*DATASET CONTENT*
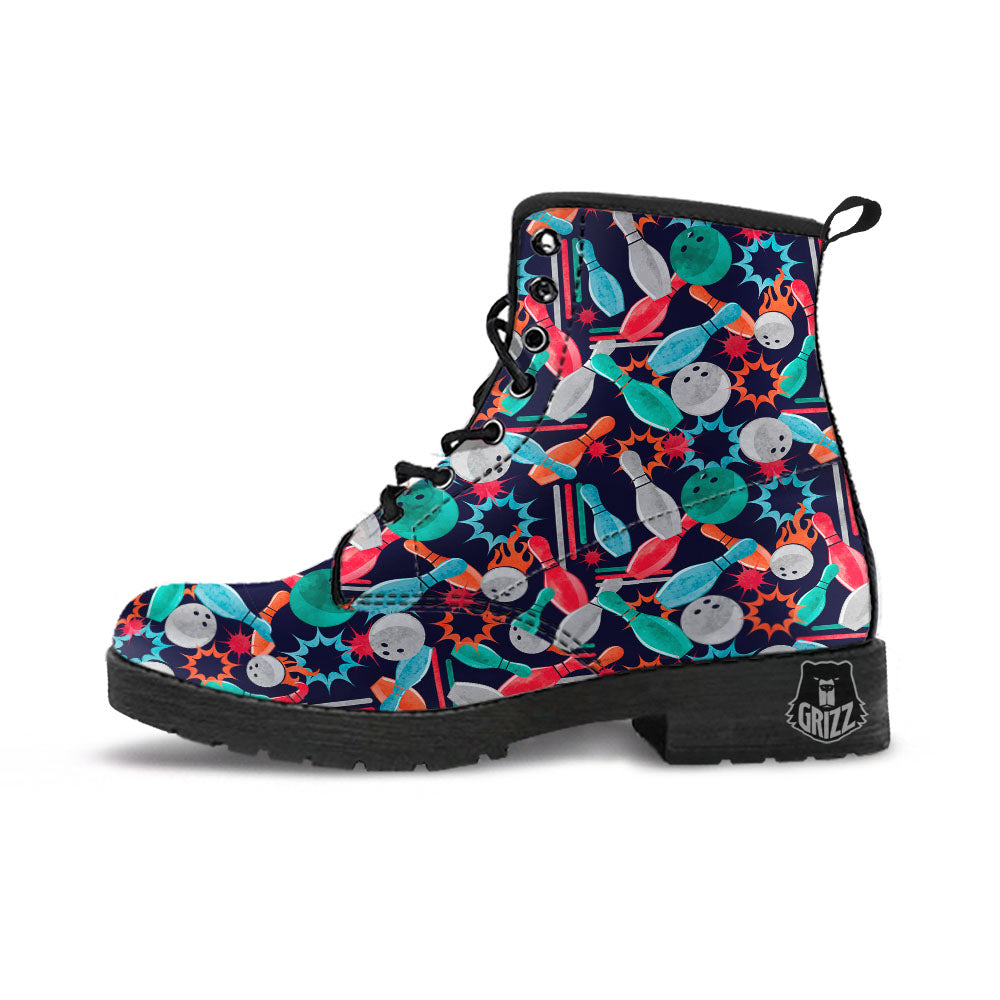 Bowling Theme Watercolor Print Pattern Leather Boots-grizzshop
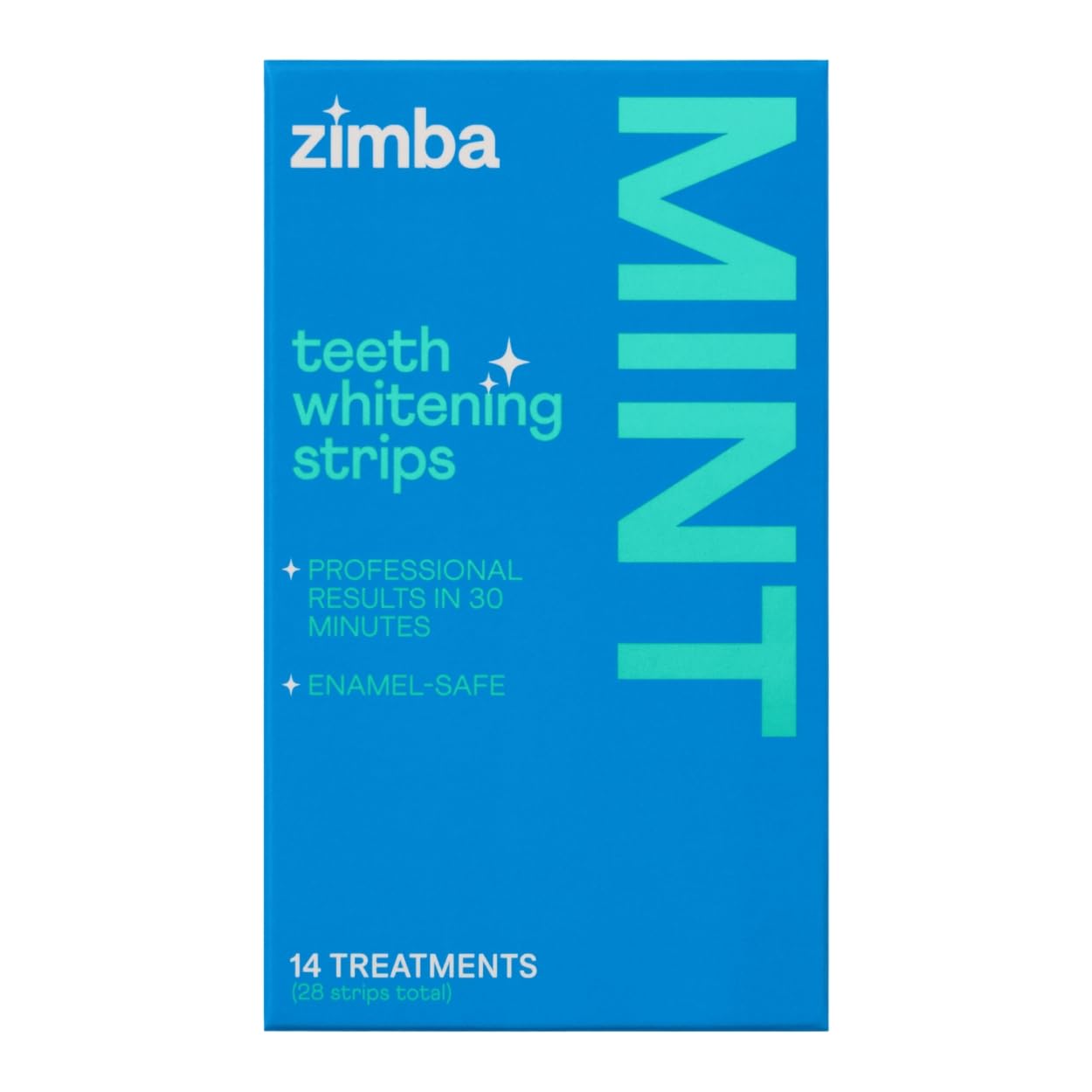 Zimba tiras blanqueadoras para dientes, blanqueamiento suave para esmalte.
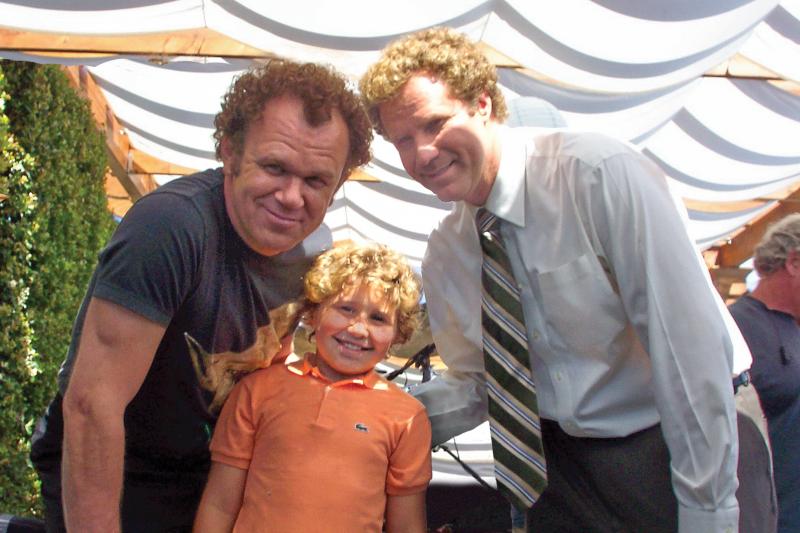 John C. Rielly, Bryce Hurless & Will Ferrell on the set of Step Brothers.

*AIM OF THE TASK*
Could you return, word for word, every line from the line with "Zimba tiras blanqueadoras" through the last line of the listing above, both ends included, without any pictures?

*ANSWER SECTION*
 Zimba tiras blanqueadoras para dientes, blanqueamiento suave para esmalte.
 John C. Rielly, Bryce Hurless & Will Ferrell on the set of Step Brothers.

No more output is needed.